Updated: Dec 18, 2023

Women of WR-AP

”I want to apologize to all the women

I have called pretty

before I’ve called them intelligent or brave

I’m sorry I made it sound as though

something as simple as what you’re born with

is the most you have to be proud of when your

spirit has crushed mountains

from now on I will say things like

you are resilient or extraordinary

not because I don’t think you’re pretty

but because you are so much more than that”

I don't want to be congratulated for being a superwoman, I want to free myself from having to be. On days like today, social networks are filled with happy women's day messages, with balloons, hearts, and flowers. Thanks for the flowers and congratulations, but no, it's not a day to celebrate, not yet. Our predecessors fought hard and have made great advances to the cause, opening the way for those of us who still want a more just world.

On my birthday my grandmother used to ask me how old I was and always calculated how many children she already had at that age “-today is 20 grandma” “-at your age I already had 4 children”. My grandmother had 11 pregnancies (plus caring for the animals that my grandfather brought to their house including deer, anteaters, goats, dogs) plus the adopted children of life. My grandmother did what was expected of her, to be a mother, a housewife, a cook, a cleaner. But my grandmother wasn’t able to vote when she was an adult, and when my mother grew up, voting was a woman's right. So yes, there is an important advance, but we are still far away, the patriarchy is still there even though some of us live in privileged conditions (in some respects) compared to the vast majority of women in the world.

Fearne Cotton's 'Happy Place'

For me, today is a day to talk about inequality, discrimination, sexual harassment, and the normalization of violence against women.
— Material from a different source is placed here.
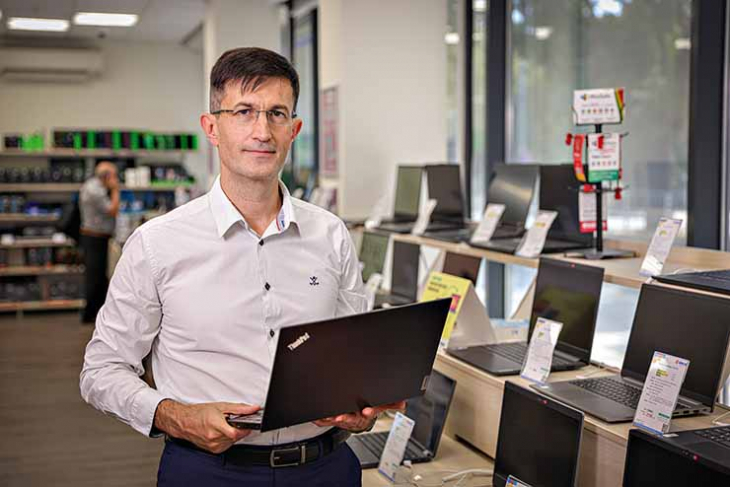 Успехът е да правиш нещата които те правят щастлив и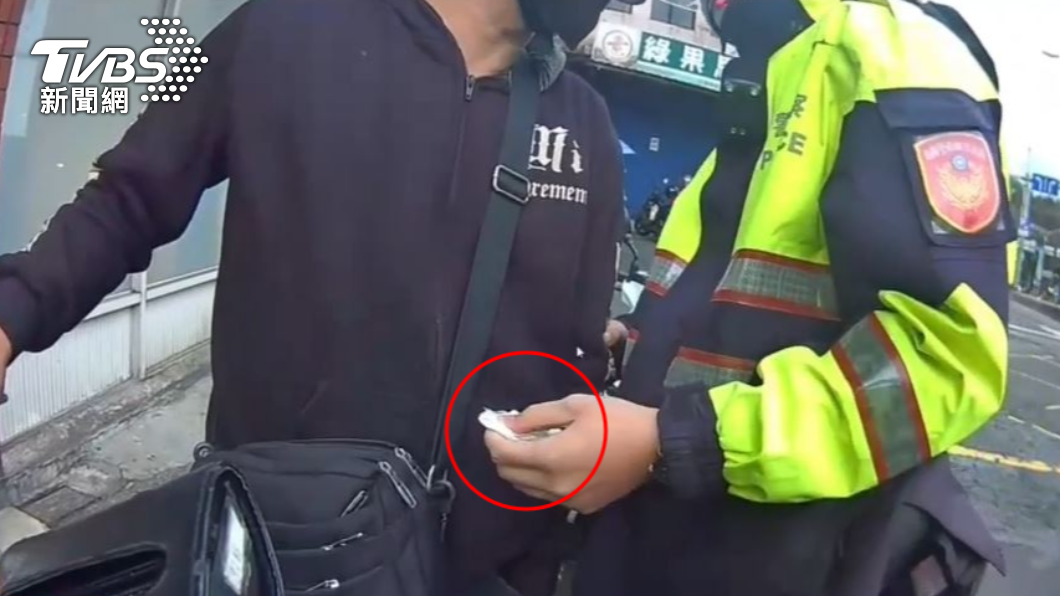 麥安捏啦!瓦斯工騎車穿越斑馬線 警攔查有毒他竟撒嬌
I was recently listening to Fearne Cotton's podcast “Happy place” where she interviewed Nadiya Hussain, a British television chef, who spoke about what it meant to have been raised under Bangladeshi traditions, how hard it was for her to be born a woman in such a sexist culture. Among her experiences was the comment that in Bangladesh there is no word for when a woman is pregnant, a kind of manual expression is used accompanied by an insinuation of illness, wanting to put the woman in a state of shame for having had intercourse that ended up leaving her pregnant. The woman cannot bear the husband's surname either because the man is a superior being in his culture. In other parts of the world, the woman has to bear the last name because she is seen as the property of the man. It is unusual that even in this century these things continue to happen, and the hardest thing is that they are the majority. Returning to the topic of the podcast, the chef comments on what it has meant for her to make her way in a kitchen, being a woman, the daughter of immigrants, Muslim, and British-Bangladeshi. She says that when she visits her parents, she asks her children to comment out loud in front of their grandfather that “so-and-so is pregnant” to break her parents balls a little but also in an attempt to normalize what should already be normal in itself, a pregnant woman or not, she is not sick, she is not alone, she is not bitter.

It's a reality that a woman is expected to be the one in charge of cooking at home (in addition to many other things) and she is expected to do it very well (and the one who doesn’t is criticized) but a woman who decides to be a chef has to fight twice as hard to be taken seriously. She’s not expected to be recognized and respected in a restaurant, in fact only 10% of Michelin star restaurants are run by women.

Some of London's top female chefs. Source, The Evening Standard

I think that a day like today should be the opportunity to talk about these issues even if they are uncomfortable, it is the only way to break paradigms. I think that individually everyone should consider and re-think their beliefs and patterns, see to what extent they are really yours, if they come from ignorance or if they were instilled, as we should do with racism and homophobia. It’s necessary to open the debate at every opportunity, even if it’s just over coffee with a friend because we have internalized these archetypes so much that until you bring them to the table you don’t realize that we ourselves often expect, say, or act from those patterns inculcated within us as with the many things that are expected of us, but others are prohibited.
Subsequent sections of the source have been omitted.